Making better fast food choices
If you're going to eat fast food, you don't necessarily have to wolf down an outsized portion of your daily kilojoules in one sitting. By choosing items based on the kilojoule information on menu boards you can make better (though not necessarily healthy) fast food choices. It's basic mathematics:
- Swapping a large crumbed Chicken Caesar Salad (2650kJ) for a large Fragrant Vietnamese Chicken Salad (1424kJ) at Sumo Salad saves you 1226kJ – 16% of the DI* instead of 30%.
And while it might seem blindingly obvious that choosing a smaller serve size will mean you get fewer kilojoules, it's surprising just how many you can save by downsizing
rather than ditching your favourites altogether:
- Swapping a Double Whopper (3933kJ) for a Whopper (2886kJ) at Hungry Jack's saves you 1047kJ – 33% of the DI instead of 45%.
- Swapping a Triple Fillet Bondi Burger with Chilli (3170kJ) for the single fillet version (1620kJ) at Oporto saves you 1550kJ – 19% of the DI instead of 36%.
And if you're tempted to choose the "meal deal" or upsize your extras because it's better value for money, consider the impact on your health, not just your wallet. By upsizing from a KFC Zinger Burger (1740kJ) to a Zinger Burger Combo (with regular chips and a can of Pepsi, 3308kJ), for example, you pay 36% more but get 90% more kilojoules.
*Percentage daily intakes (DI) are based on an average adult diet of 8700kJ. Your daily intakes may be higher or lower depending upon your energy needs.
Is the nutrition information accurate?
CHOICE went on a fast-food spree, grabbing standard fare items from McDonalds (Big Mac and fries), Hungry Jacks (a Whopper and fries), KFC (Zinger burger and seasoned chips),Subway (meatball sub on white bread with fixings), Dominos (Supreme pizza, classic crust), Pizza Hut (Super Supreme pizza, perfecto dough base), Crust (pepperoni pizza), Sumo Salad (Crumbed Chicken Caesar Salad), Oporto (single fillet Bondi Burger with chilli and fries), and Nando's (Classic Chicken Burger and fries).
No, we didn't tuck in – tempting as it was.
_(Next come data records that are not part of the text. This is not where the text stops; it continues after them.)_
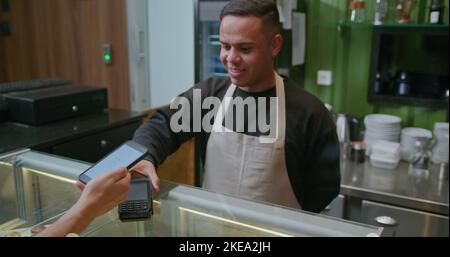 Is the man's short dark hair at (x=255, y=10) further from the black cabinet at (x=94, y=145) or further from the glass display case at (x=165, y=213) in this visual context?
the black cabinet at (x=94, y=145)

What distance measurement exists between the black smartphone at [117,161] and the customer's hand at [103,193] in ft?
0.16

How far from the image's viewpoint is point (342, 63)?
96.1 inches

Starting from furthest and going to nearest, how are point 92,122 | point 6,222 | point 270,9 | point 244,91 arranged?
1. point 92,122
2. point 244,91
3. point 270,9
4. point 6,222

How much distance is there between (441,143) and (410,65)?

Instead we rushed our fast food feast off to an accredited lab and put the food makers' nutrition information to the test.
What we found is that the nutrients in the 15 foods items tested were more or less consistent with the nutrition information published by the food makers, which is good news for the many Australians relying on such info to make food choices.
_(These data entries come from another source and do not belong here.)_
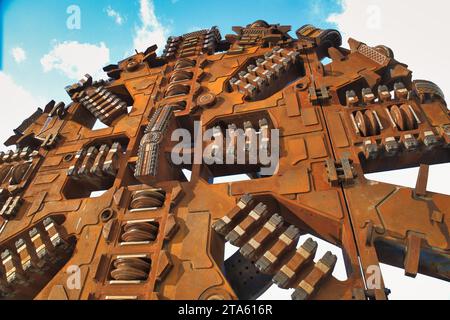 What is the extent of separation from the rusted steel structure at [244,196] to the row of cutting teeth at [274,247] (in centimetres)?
2

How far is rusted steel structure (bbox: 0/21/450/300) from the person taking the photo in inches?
205

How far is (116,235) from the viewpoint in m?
6.45

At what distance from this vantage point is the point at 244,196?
20.3 ft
How accurate is "accurate"?
Taking a peek at the nutrition data before you tuck in is a good strategy for a nation of expanding appetites and waistlines, but it's important to know that the information won't necessarily be 100% accurate for that particular hamburger in your hand. The companies' disclaimers say the listed information refers to average quantities and that "seasonal variations and differences in product assembly" can affect what's actually in the wrapper, or words to that effect.
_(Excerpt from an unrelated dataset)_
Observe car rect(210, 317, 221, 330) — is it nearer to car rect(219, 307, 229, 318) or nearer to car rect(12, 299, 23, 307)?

The Food Standards Code doesn't specifically prescribe permitted margins of error when it comes to the accuracy of nutrition information panels – it simply requires that published nutrient values represent 'average' values – but variations of +/- 20% are generally deemed to be acceptable, and this allowance was used in a recent NSW Health report on kilojoule labelling. The results from the products we tested generally fell within these limits.
What CHOICE wants
We're pleased that there's mandatory kilojoule labelling on the menu boards of fast food chains in NSW, the ACT and SA, with Victoria soon to follow. And we'd encourage people to seek out additional nutrition info (such as amounts of sodium, sugars, saturated fat) from leaflets, display boards and food wrappers.
But considering the load of kilojoules on offer at cheap prices, we think the remaining states and territory should have a think about our growing weight problem and take up mandatory kilojoule labelling on fast foods as well.